(Short text fragments from websites)
== Segment start ==

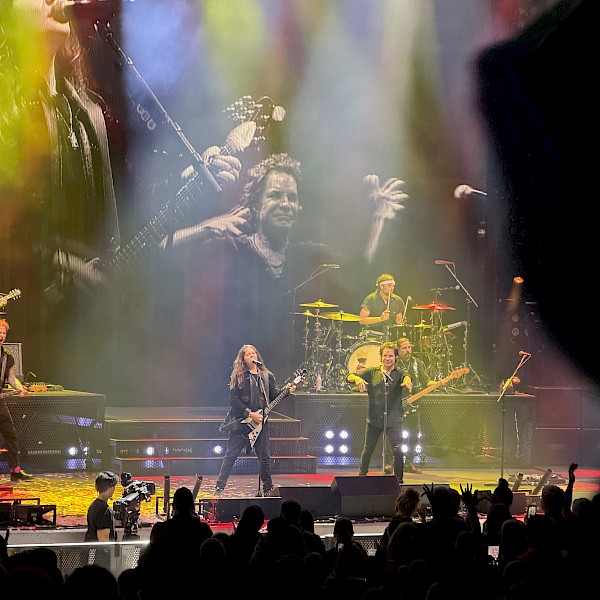 Train at the Santa Barbara Bowl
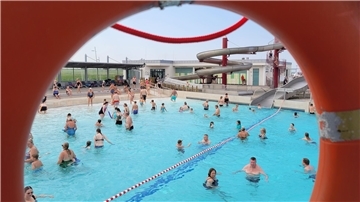 Im Meerwasser-Wellenbad "Watt'n Bad" in Dorum-Neufeld verzeichnete die Kurverwaltung in den zurückliegenden Tagen die bislang höchsten Besucherzahlen der Saison.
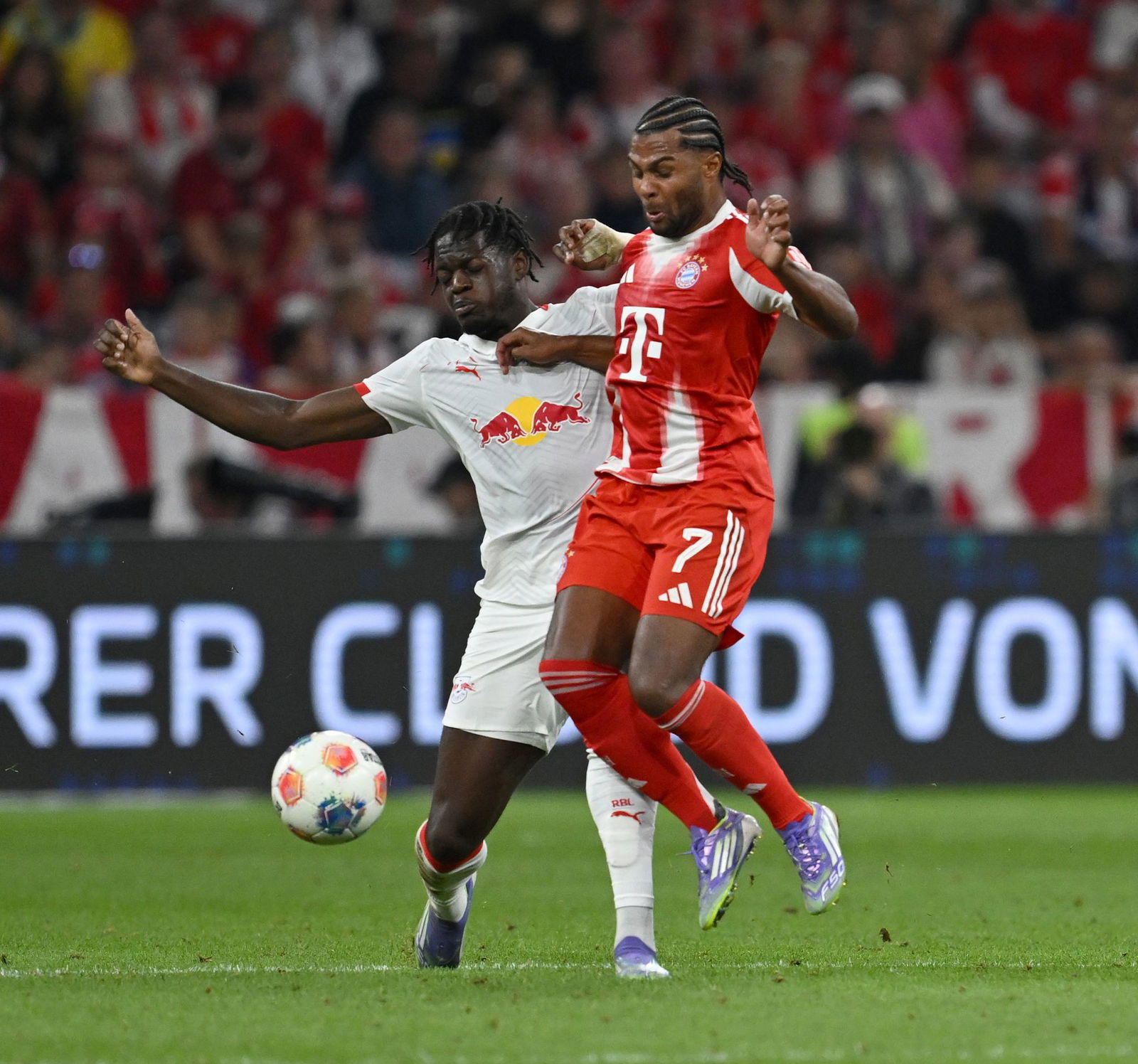 Serge Gnabry (r) war ein Aktivposten und an mehreren Bayern-Toren beteiligt.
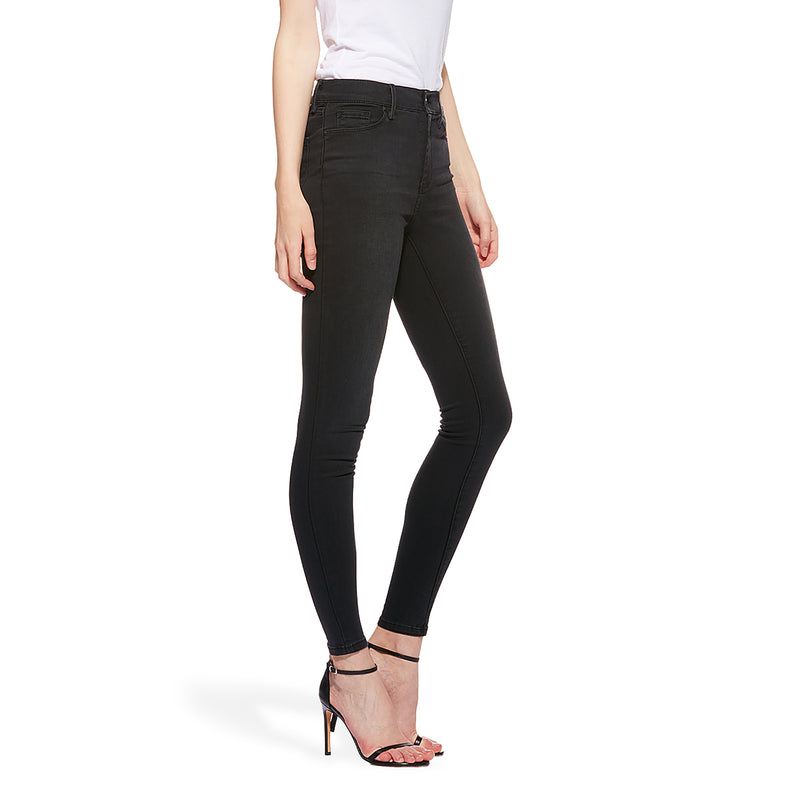 Women wearing Gris oscuro High Rise Skinny Orchard Jeans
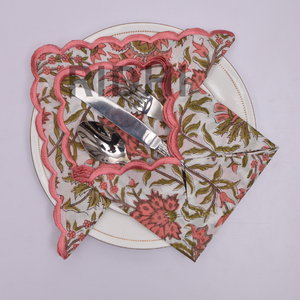 Serviettes de table en coton brodé à motifs floraux imprimés à la main Ridhi Wholesale, réutilisables pour mariages, hôtels, restaurants, vente en gros - Product Image 1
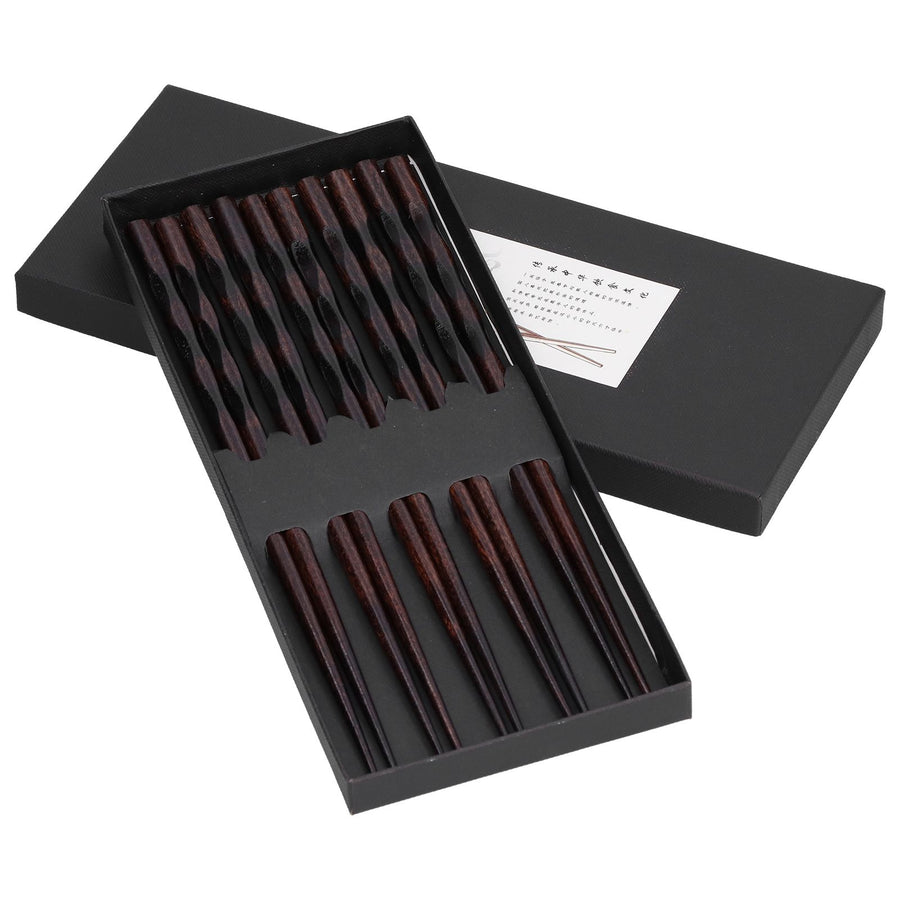 5Pairs Chopsticks Simple Reusable Wooden Pointed Chopsticks Natural Environmentally Friendly Tableware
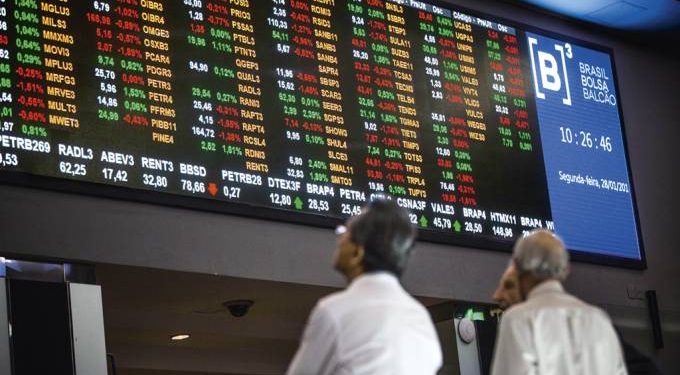 Bolsa volta a cair após bater recordes por três pregões seguidos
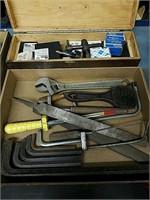 Collection of hole saws and mandrels, large allen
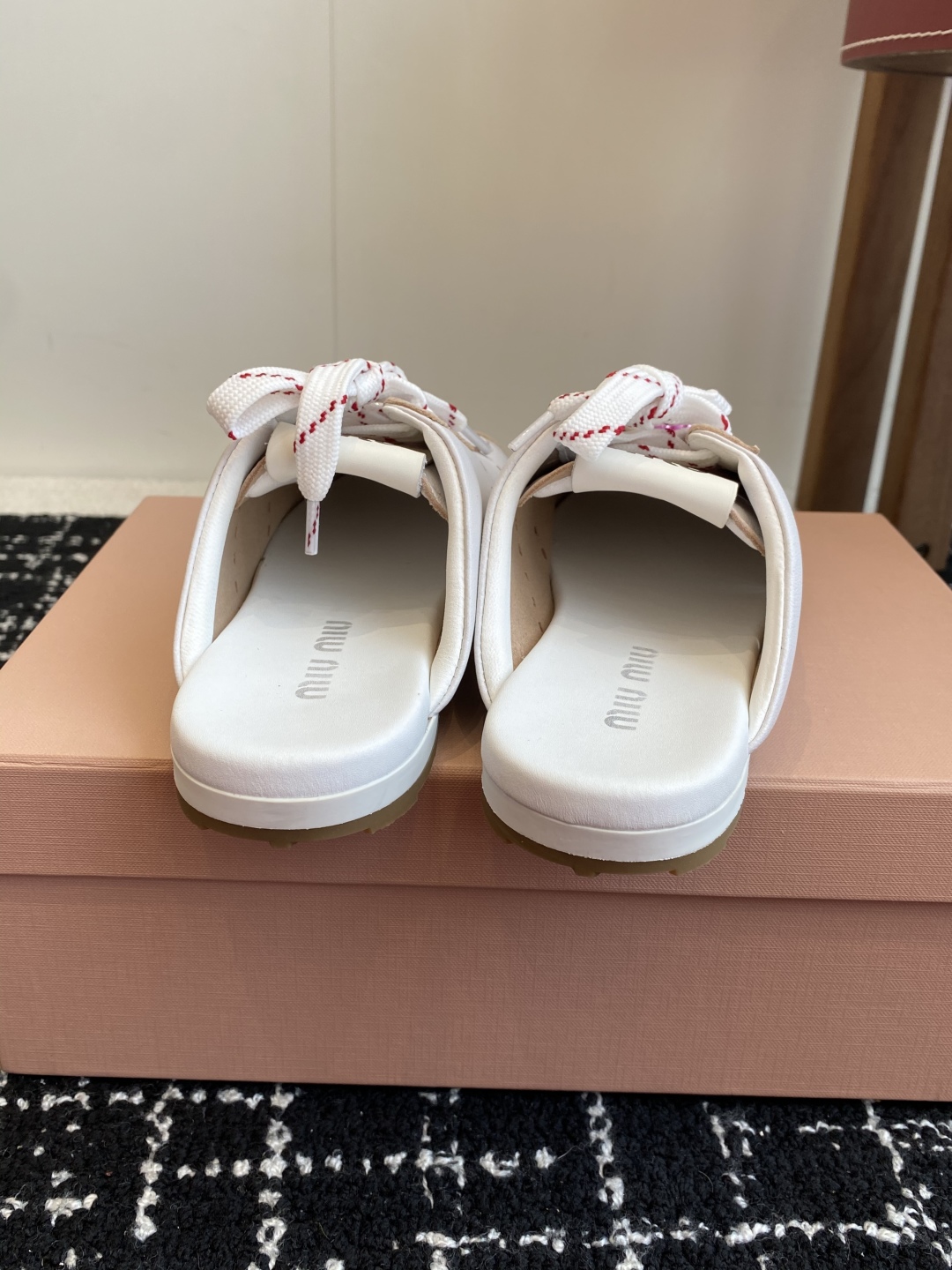 代购级
MiuMiu 缪缪 25ss早春新款 走秀新款一脚蹬懒人鞋 德训鞋 半拖

官方春夏走秀新款，时
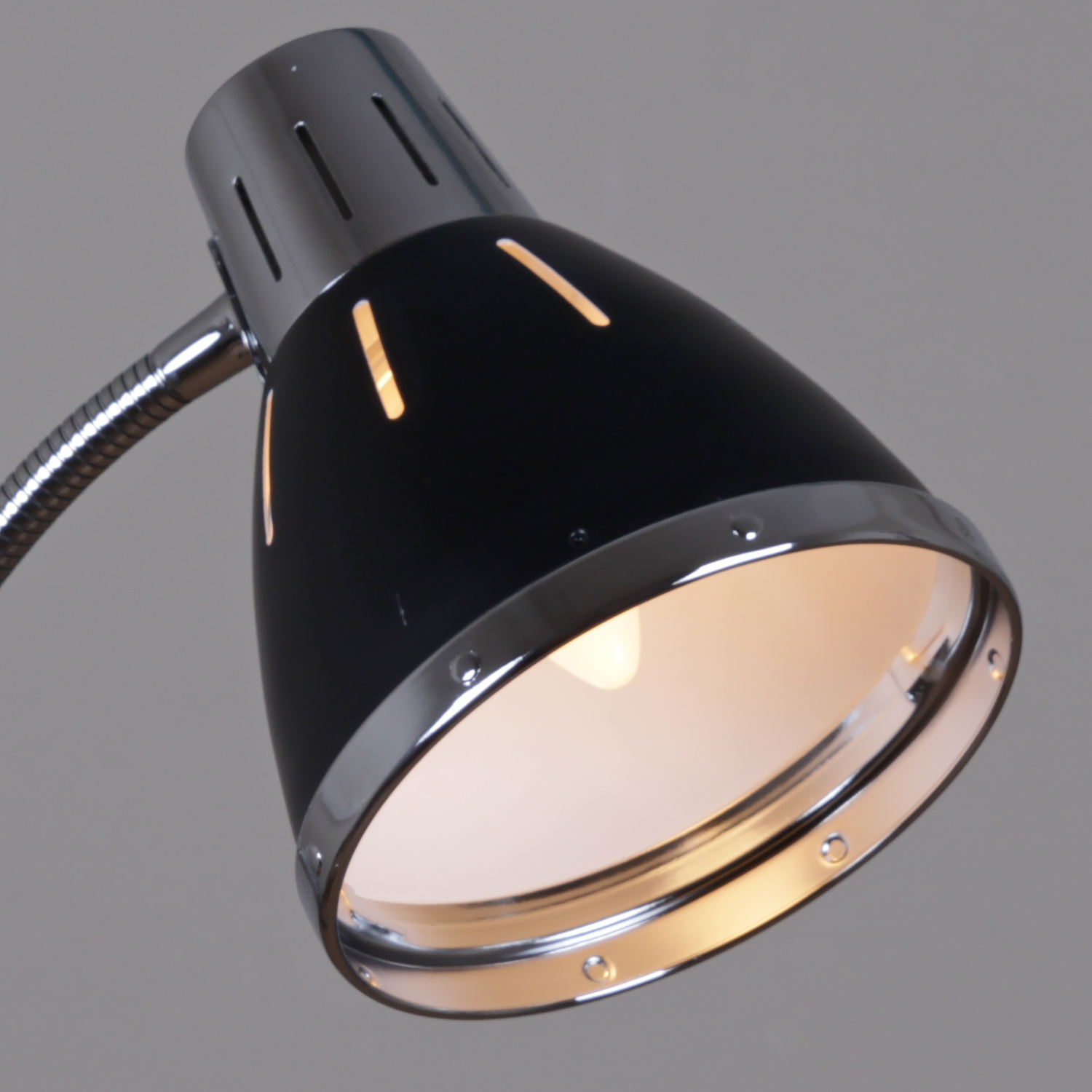 Торшер 03018-0.6-01 BK Е27 40Вт   *1/4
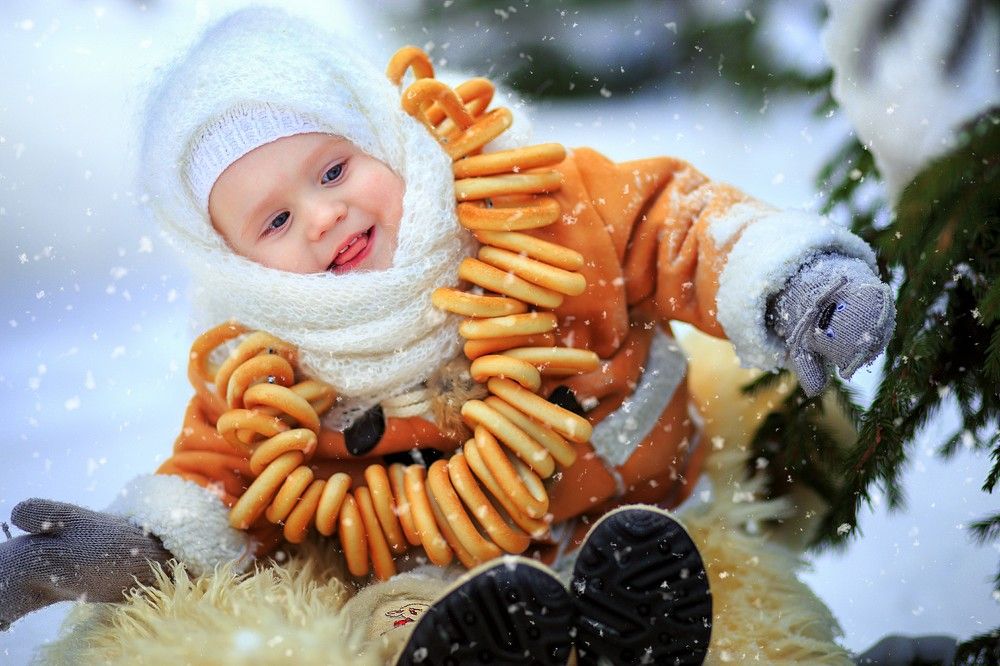 Тепло ли тебе, девица?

== Segment end ==

PROBLEM DESCRIPTION: Give back every record exactly, dropping its pictures.

EXERCISE RESULT:
 Train at the Santa Barbara Bowl
 Im Meerwasser-Wellenbad "Watt'n Bad" in Dorum-Neufeld verzeichnete die Kurverwaltung in den zurückliegenden Tagen die bislang höchsten Besucherzahlen der Saison.
 Serge Gnabry (r) war ein Aktivposten und an mehreren Bayern-Toren beteiligt.
 Women wearing Gris oscuro High Rise Skinny Orchard Jeans
 Serviettes de table en coton brodé à motifs floraux imprimés à la main Ridhi Wholesale, réutilisables pour mariages, hôtels, restaurants, vente en gros - Product Image 1
 5Pairs Chopsticks Simple Reusable Wooden Pointed Chopsticks Natural Environmentally Friendly Tableware
 Bolsa volta a cair após bater recordes por três pregões seguidos
 Collection of hole saws and mandrels, large allen
 代购级
MiuMiu 缪缪 25ss早春新款 走秀新款一脚蹬懒人鞋 德训鞋 半拖

官方春夏走秀新款，时
 Торшер 03018-0.6-01 BK Е27 40Вт   *1/4
 Тепло ли тебе, девица?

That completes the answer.